Entikong memiliki jalur perbatasan darat dengan negara Malaysia khususnya Sarawak sehingga jalur darat sering disebut jalur sutera karena bisa dilewati langsung oleh bus baik dari Indonesia maupun dari Malaysia tanpa harus menyebari sungai maupun laut, oleh sebab itu banyak TKI yang berasal dari Jawa dan Sumatra yang menggunakan jalur perbatasan Entikong.
Sejarah
Asal mula nama Entikong berasal dari kata "En" yang berarti "sungai" dan "Tikong" yang berarti "tikungan atau berkelok", jadi Entikong diartikan sebagai sungai yang banyak tikungannya atau berkelok. Sungai Entikong yang bermuara di sungai Sekayam adalah merupakan wilayah pemukiman masyarakat Entikong pada waktu dahulu yang kemudian pada tahun 1970 oleh dinas sosial warga masyarakatnya disuruh pindah ke lokasi pemukiman baru yang sudah disediakan oleh Dinas Sosial pada saat itu yakni lokasi pemukiman yang sekarang. Pada saat itu Entikong masih termasuk ke dalam wilayah pemerintahan kecamatan Sekayam yang pusat pemerintahannya berada di Balai Karangan yang dipimpin oleh seorang camat yang bernama Bapak Karim. Sejak saat itu semua masyarakat Entikong pindah ke "Kampung Baru" (lokasi saat ini) dan jumlah penduduknya mulai berkembang pesat hingga sekarang dan menjadi salah satu desa yang berbatasan langsung dengan negara tetangga yakni Tebedu, Malaysia.

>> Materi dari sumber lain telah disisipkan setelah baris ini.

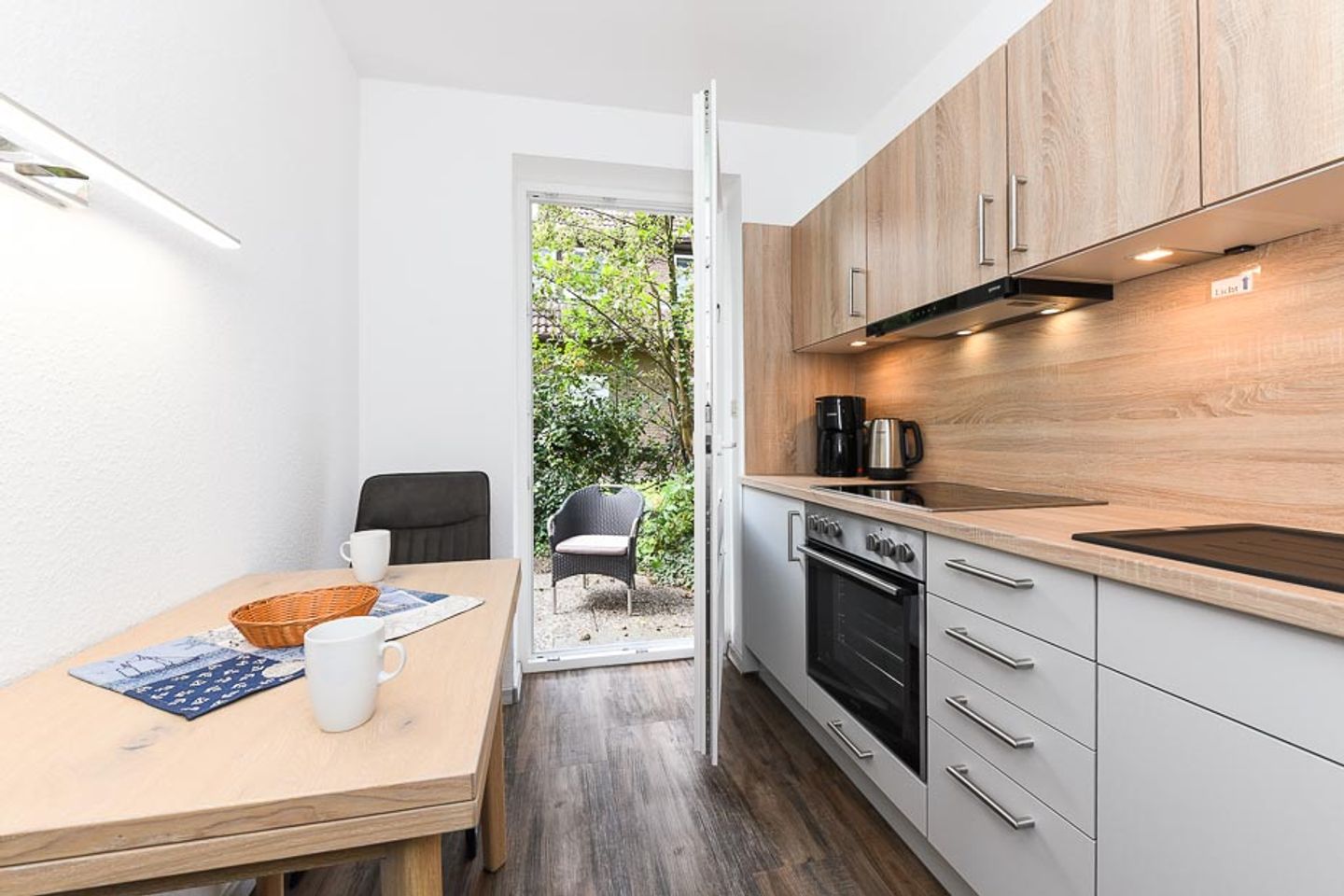 Bootsweg 18 Ferienwohnung 13 Neuharlingersiel -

Kecamatan Entikong terbentuk secara resmi pada tanggal 17 Juni1996 yang dilaksanakan secara terpusat di Sanggau berdasarkan PP No. 39 Tahun 1996 tentang Pembentukan 16 (Enam Belas) Kecamatan di Wilayah Kabupaten Daerah Tingkat II Pontianak, Sanggau, Sambas, Sintang, Ketapang dan Kapuas Hulu Dalam Wilayah Provinsi Daerah Tingkat I Kalimantan Barat. Kecamatan Entikong pada awalnya merupakan bagian dari Kecamatan Sekayam.
Berdasarkan data Kominfo Kabupaten Sanggau tahun 2019 mencatat tentang data keagamaan penduduk kecamatan Entikong, Kabupaten Sanggau. Adapun data keberagaman pemeluk agama di kecamatan ini dari 20.334 jiwa penduduk, yakni pemeluk agama Kristen sebanyak 13.730 jiwa atau 67,53%, dimana Katolik 10.296 jiwa (50,64%) dan Protestan sebanyak 3.434 jiwa (16,89%). kemudian Islam 6.579 jiwa (32,35%), kemudian kepercayaan sebanyak 14 jiwa (0,07%), Budha 10 jiwa (0,05%), dan Hindu 1 jiwa.[1]
Mata Pencarian
Mata pencaharian penduduk adalah petani padi,sahang (Lada),kakao,Karet dan sebagaian adalah tambang emas secara tradisional.